In jail, his Hollywood obsession apparently continues. He told the Indy's Nick Meo that he'd recruited an agent to pitch his life story, and that he was about to complete writing the script. One hopes the agent got paid in advance, because his film project has been "nearly finished" since 2001 and in my view is nothing but a way of getting people to fund him. Like all the best fraudsters, though, his spiel is based on a certain degree of truth. When the Pentagon is willing to deal with the Viktor Bouts and Ahmed Chalabis of this world, his claims are far more credible. The fact that responsible persons at Bagram accepted a prisoner from his group shows at least that bizarre things are going on there, but not necessarily that they approved of him. (After all, if you were in the guard commander's shoes and a bunch of random gunmen appeared with a terrified prisoner and a lot of overexcited superspook talk, would you really leave him to their tender mercies? Even if you didn't care about his fate it would certainly be a matter demanding urgent investigation.) The fact that they "accepted" the prisoner without arresting Idema, though, suggests that enough parallel-network stuff was going on that his claims weren't entirely unbelievable.

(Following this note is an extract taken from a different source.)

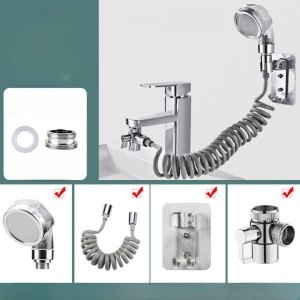 Set Extensie de Dus, Flippy, pentru Baterie Baie sau Bucatarie, 4 Piese, Filtru de Ioni Negativi, Furtun Flexibil de 1.5 Metri, Argintiu - Img 5
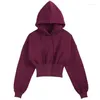 Damen-Kapuzenpullover, Damen, kurzes Kapuzen-Sweatshirt, langärmelig, dick, weiblich, lässig, Sport, Pullover, Mädchen, Streetwear, Herbst, Winter, Schwarz, Rotwein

I don't for a moment believe, though, that he's the real thing. The Pentagon (or whoever) would never have confided such a mission to someone who spends his free time suing film stars and having himself idolised by a camarilla of cameramen. It's called a "secret service" for a reason. His comfortable captivity, I suspect, is more due to his skills as a plausible talker than anything else.

In fact, reviewing my previous coverage of Idema, I see that I'd forgotten just how Walter Mittyish he really is. We're looking at a man who claims he took his pet dog on combat parachute jumps (in his spare time from stacking blankets in the stores presumably).